Dataset extract below:

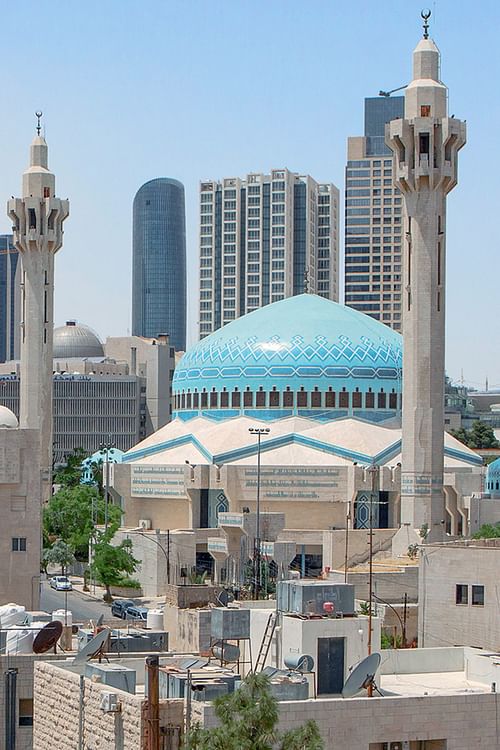 Le royaume de Jordanie.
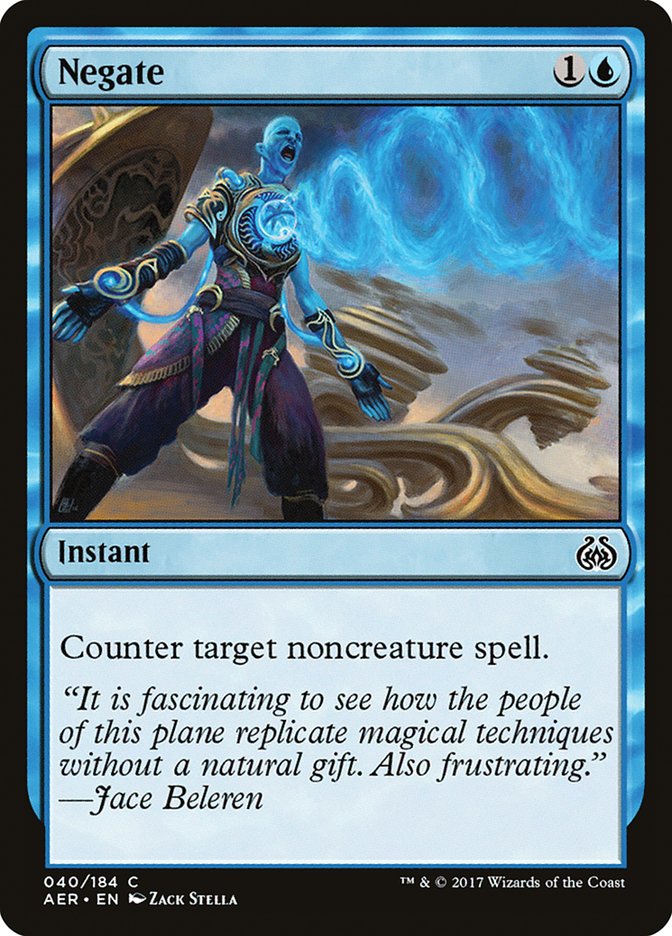 Negate [Aether Revolt] | Empire Gaming NC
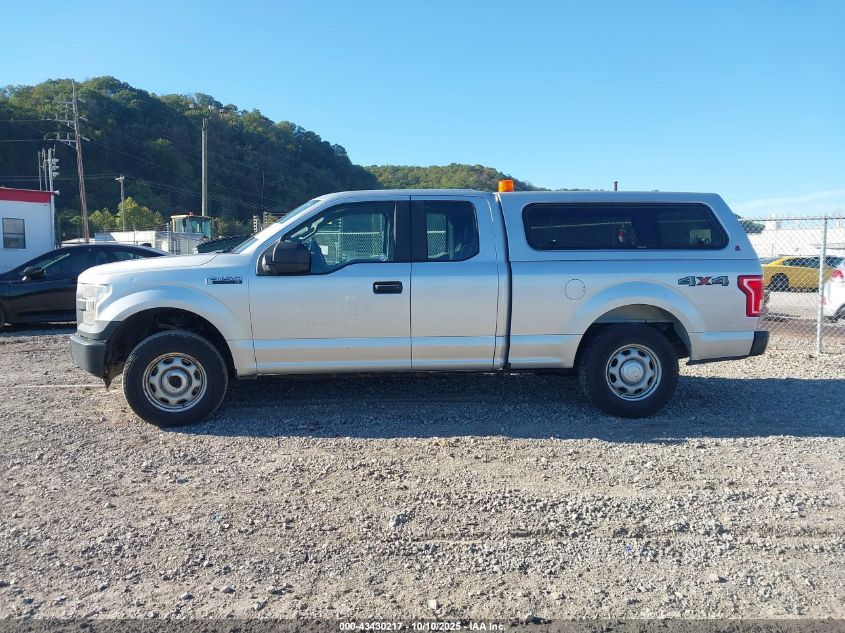 2016 Ford F-150 Xl VIN: 1FTFX1EF0GFC31917 Lot: 43430217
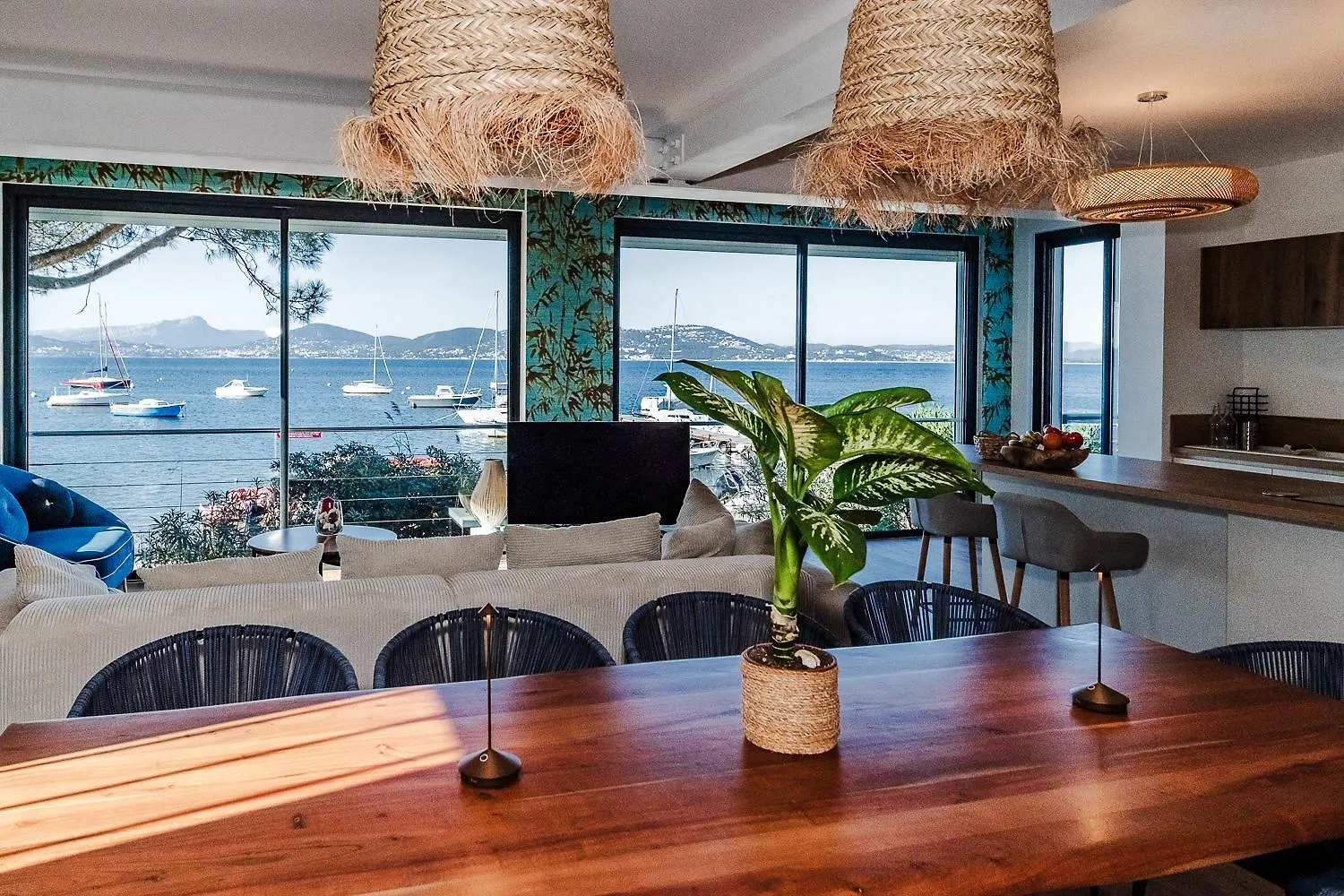 Villa Front De Mer Acces Plage Presqu'Ile De Giens-Sea And Mountain Pleasure Hyeres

End of Dataset extract.

## Exercise objective
Each line above must be set down exactly, though no picture should be carried over.

## Completed task
 Le royaume de Jordanie.
 Negate [Aether Revolt] | Empire Gaming NC
 2016 Ford F-150 Xl VIN: 1FTFX1EF0GFC31917 Lot: 43430217
 Villa Front De Mer Acces Plage Presqu'Ile De Giens-Sea And Mountain Pleasure Hyeres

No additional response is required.